◆ **WHAT TO WORK ON**: Nothing but the lines from the one containing "영통단단마디의원 네이버블로그" through the last line of the records belongs in the answer, copied exactly and with the pictures left out.

◆ **DATA TO USE**:
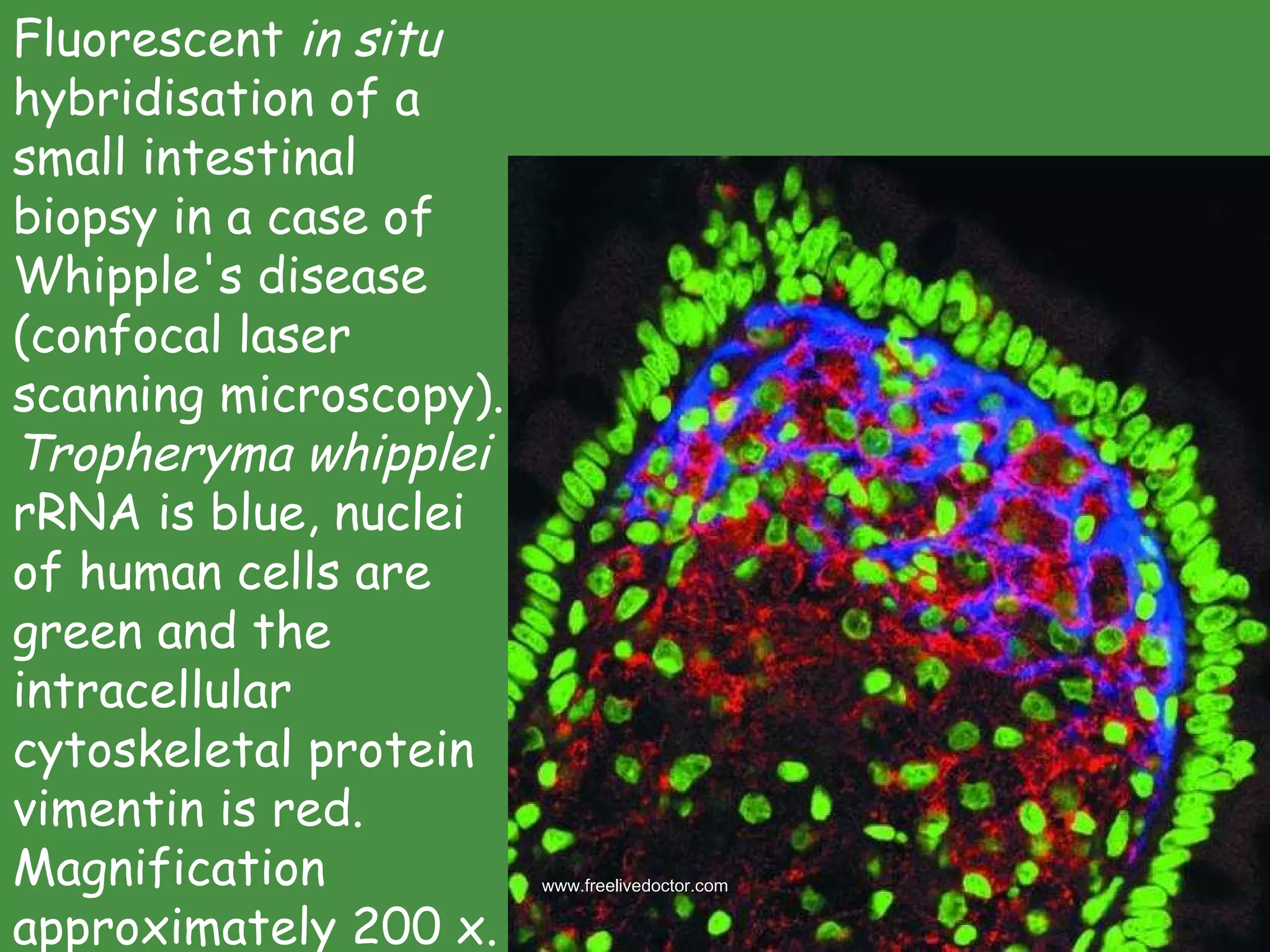 Fluorescent  in situ  hybridisation of a small intestinal biopsy in a case of Whipple's disease (confocal laser scanning microscopy).  Tropheryma whipplei  rRNA is blue, nuclei of human cells are green and the intracellular cytoskeletal protein vimentin is red. Magnification approximately 200 x.  www.freelivedoctor.com 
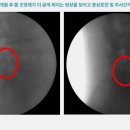 영통단단마디의원 네이버블로그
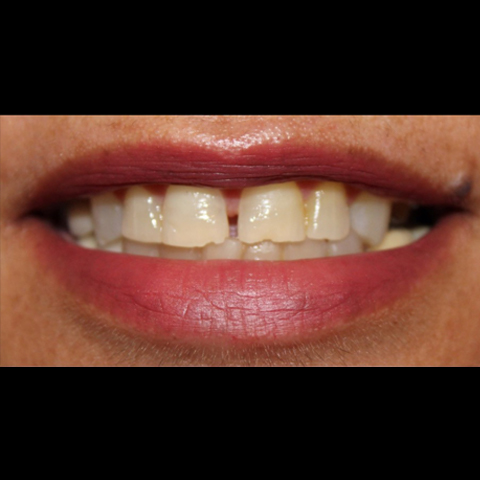 Gap between fron teeth before dental treatment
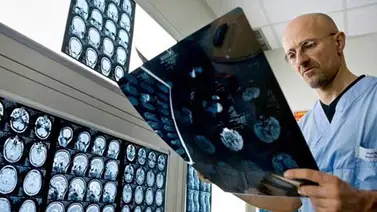 El doctor que promete trasplantar cabezas quiere probar también con cerebros El doctor que promete trasplantar cabezas quiere probar también con cerebros
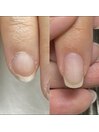 左before/右after約1年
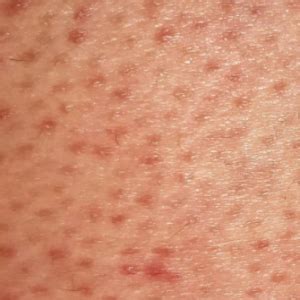 Are those Unsightly Red Bumps "Strawberry Legs"? - AMAE Med Spa ...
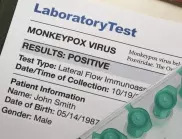 В САЩ се готвят да стартират ваксинация срещу маймунската шарка 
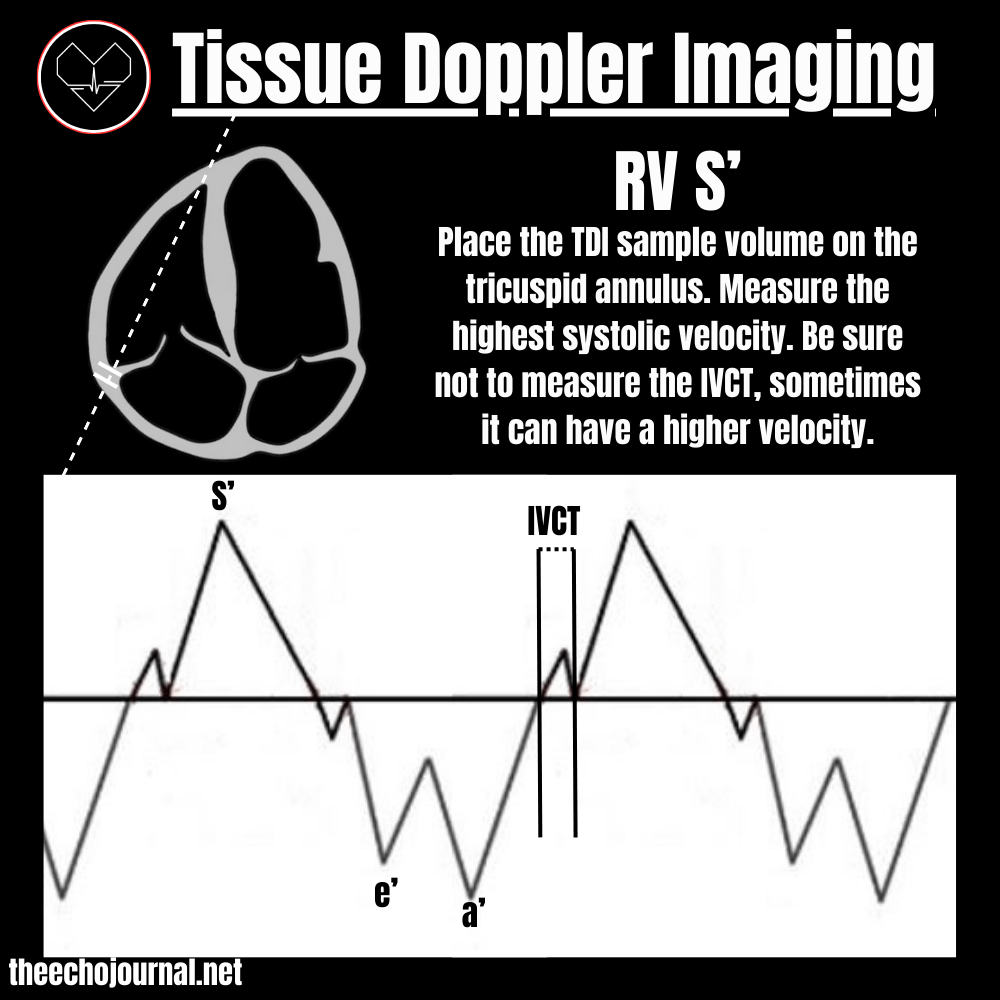 The Right Ventricle Made Easy! - by Alex C.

◆ **WRITTEN SOLUTION**:
 영통단단마디의원 네이버블로그
 Gap between fron teeth before dental treatment
 El doctor que promete trasplantar cabezas quiere probar también con cerebros El doctor que promete trasplantar cabezas quiere probar también con cerebros
 左before/右after約1年
 Are those Unsightly Red Bumps "Strawberry Legs"? - AMAE Med Spa ...
 В САЩ се готвят да стартират ваксинация срещу маймунската шарка 
 The Right Ventricle Made Easy! - by Alex C.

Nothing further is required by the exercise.